_STUDY MATERIAL_:
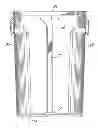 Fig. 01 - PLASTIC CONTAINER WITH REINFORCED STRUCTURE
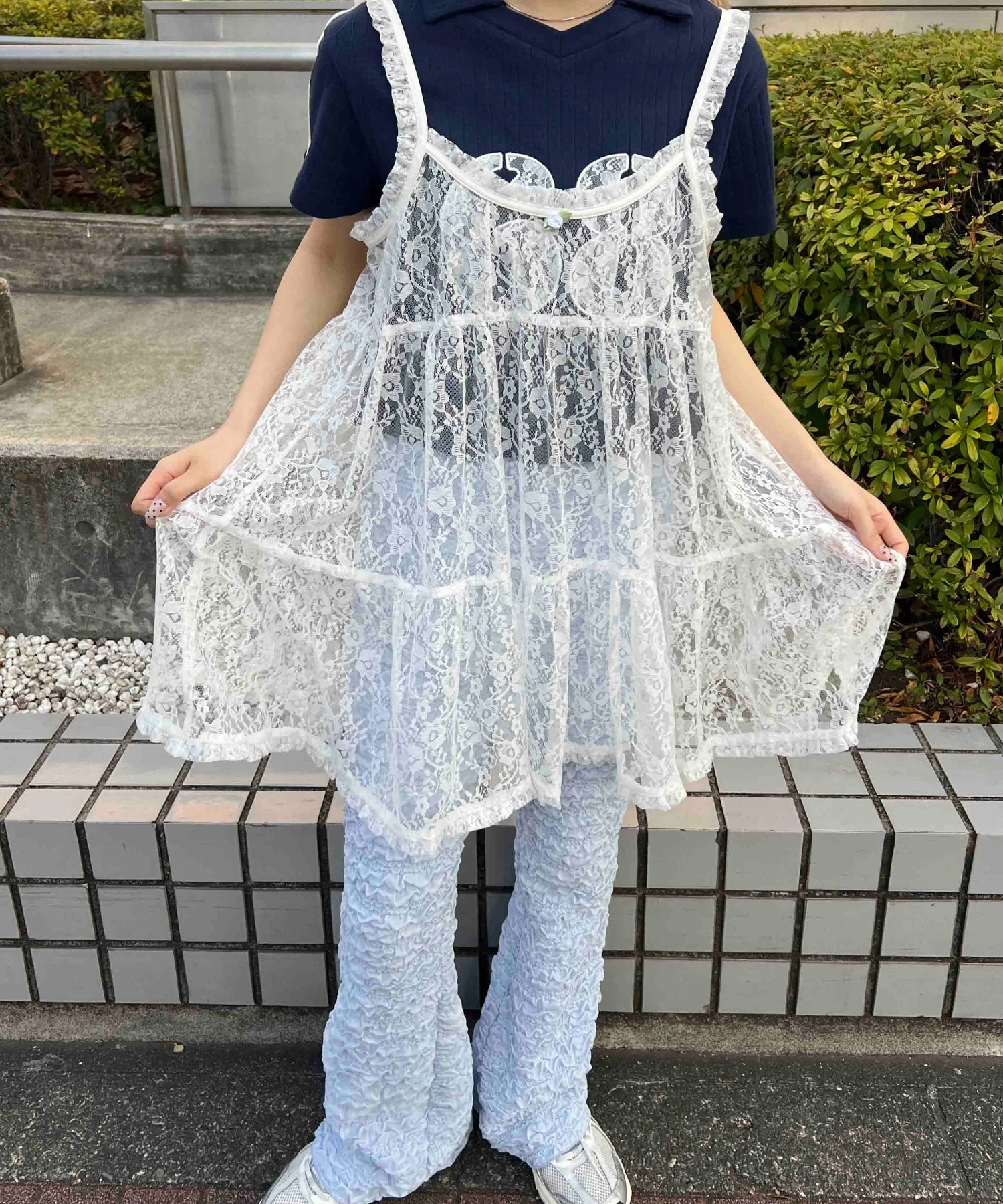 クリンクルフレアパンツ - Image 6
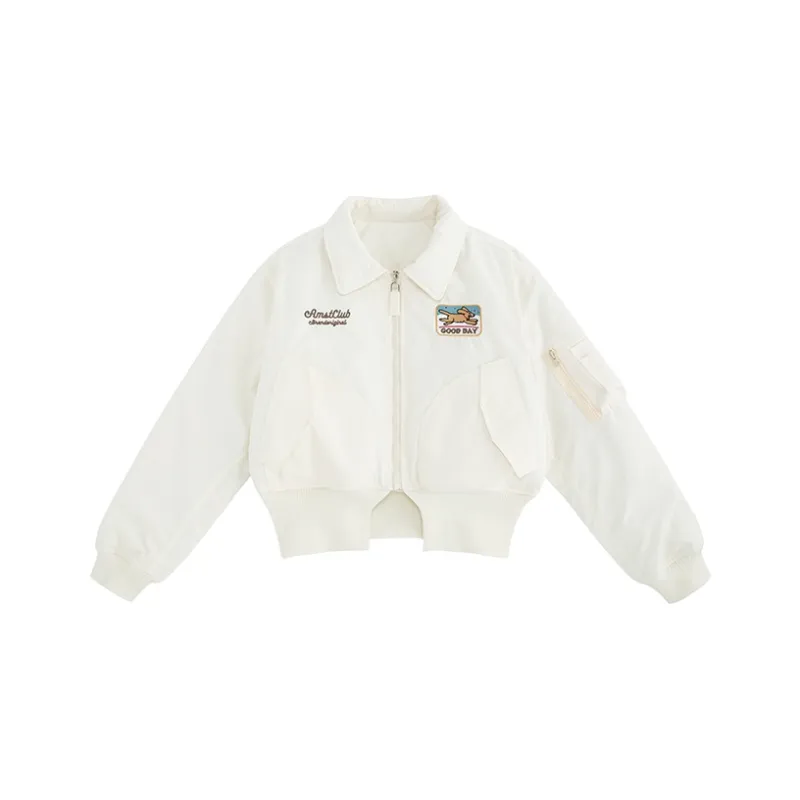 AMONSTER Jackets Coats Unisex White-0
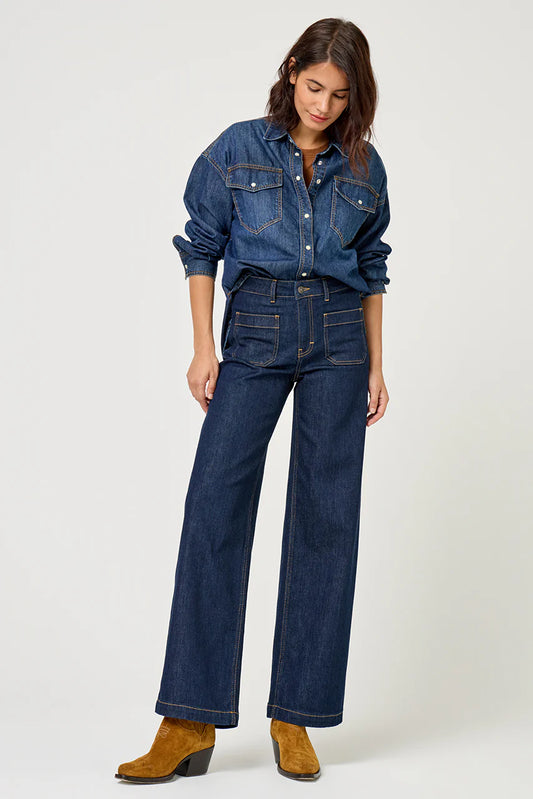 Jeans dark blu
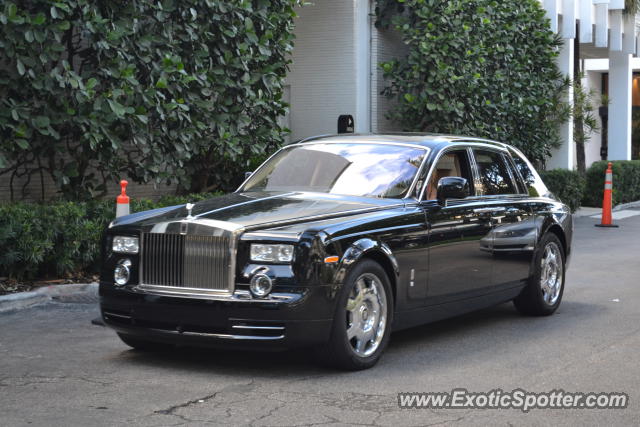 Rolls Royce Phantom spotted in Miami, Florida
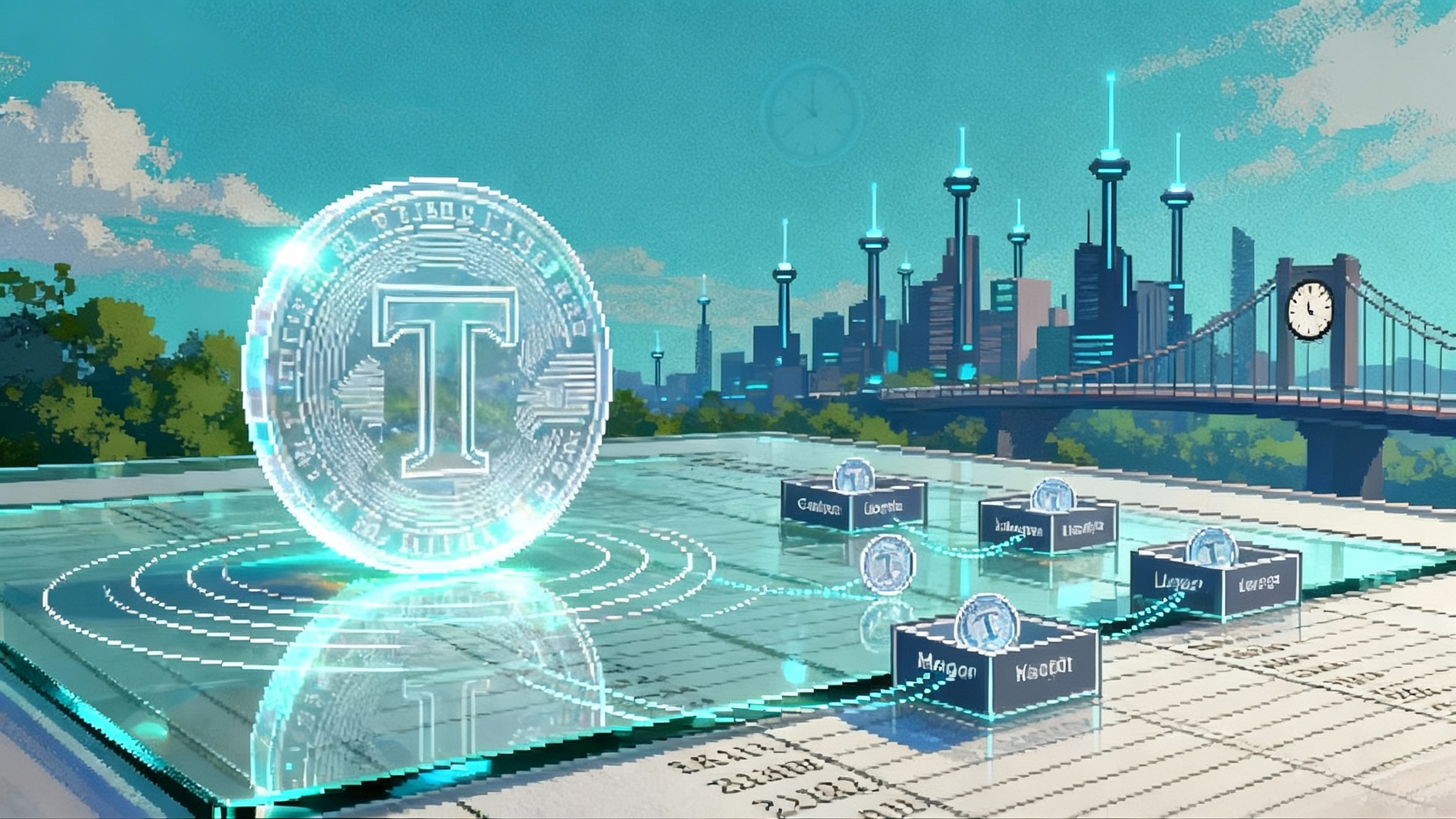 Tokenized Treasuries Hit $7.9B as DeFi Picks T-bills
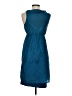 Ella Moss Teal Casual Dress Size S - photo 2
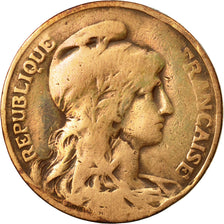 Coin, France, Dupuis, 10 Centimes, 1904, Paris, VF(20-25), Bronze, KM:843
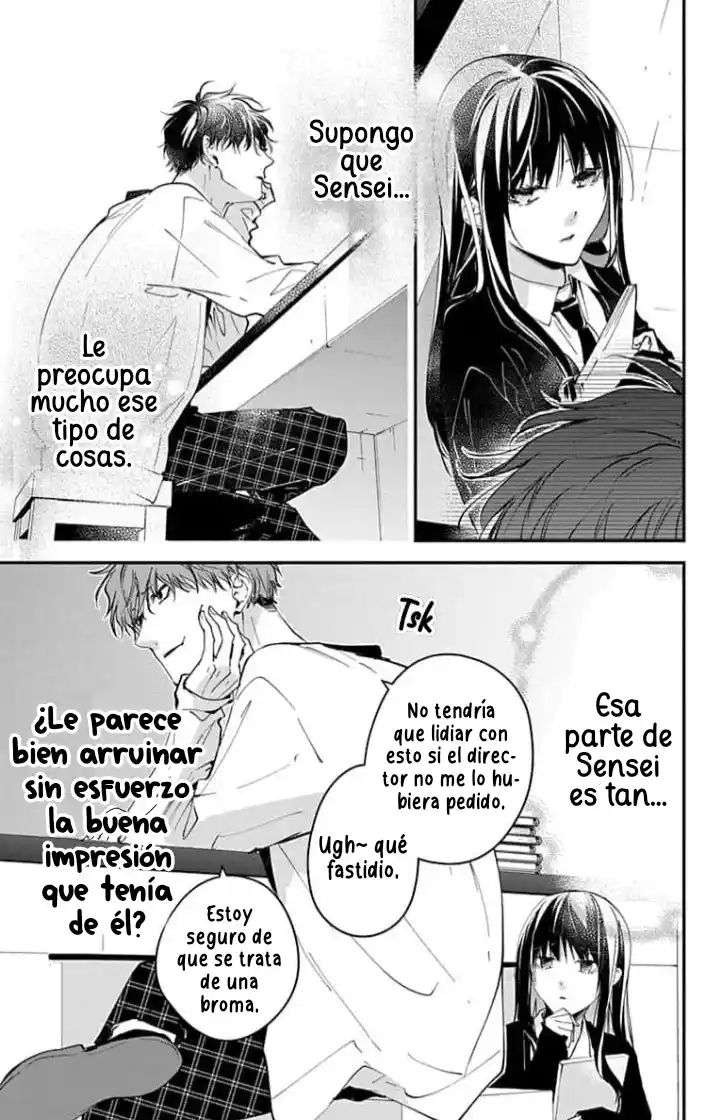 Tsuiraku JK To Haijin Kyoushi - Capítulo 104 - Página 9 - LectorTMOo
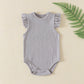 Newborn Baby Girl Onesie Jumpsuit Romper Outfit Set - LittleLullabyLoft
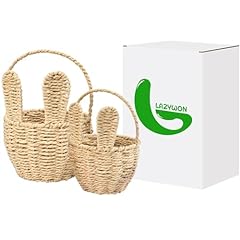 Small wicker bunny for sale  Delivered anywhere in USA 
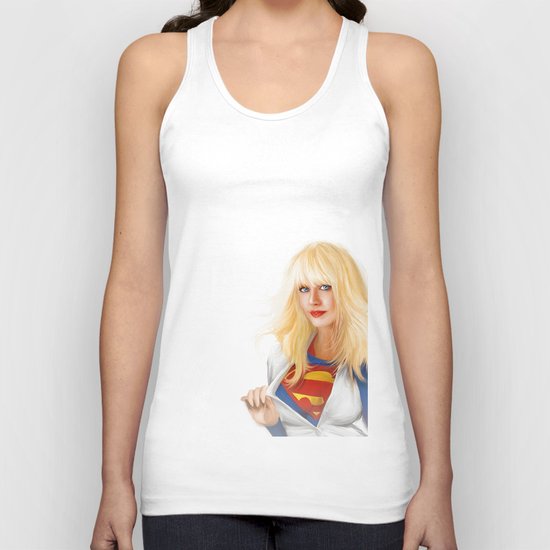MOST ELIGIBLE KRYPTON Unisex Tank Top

_YOUR GOAL_:
Each line from the start of the entries through the line with "Ella Moss Teal Casual Dress Size S - photo 2" is to be restated exactly, and the pictures are to be skipped.

_FINISHED TASK_:
 Fig. 01 - PLASTIC CONTAINER WITH REINFORCED STRUCTURE
 クリンクルフレアパンツ - Image 6
 AMONSTER Jackets Coats Unisex White-0
 Jeans dark blu
 Rolls Royce Phantom spotted in Miami, Florida
 Tokenized Treasuries Hit $7.9B as DeFi Picks T-bills
 Ella Moss Teal Casual Dress Size S - photo 2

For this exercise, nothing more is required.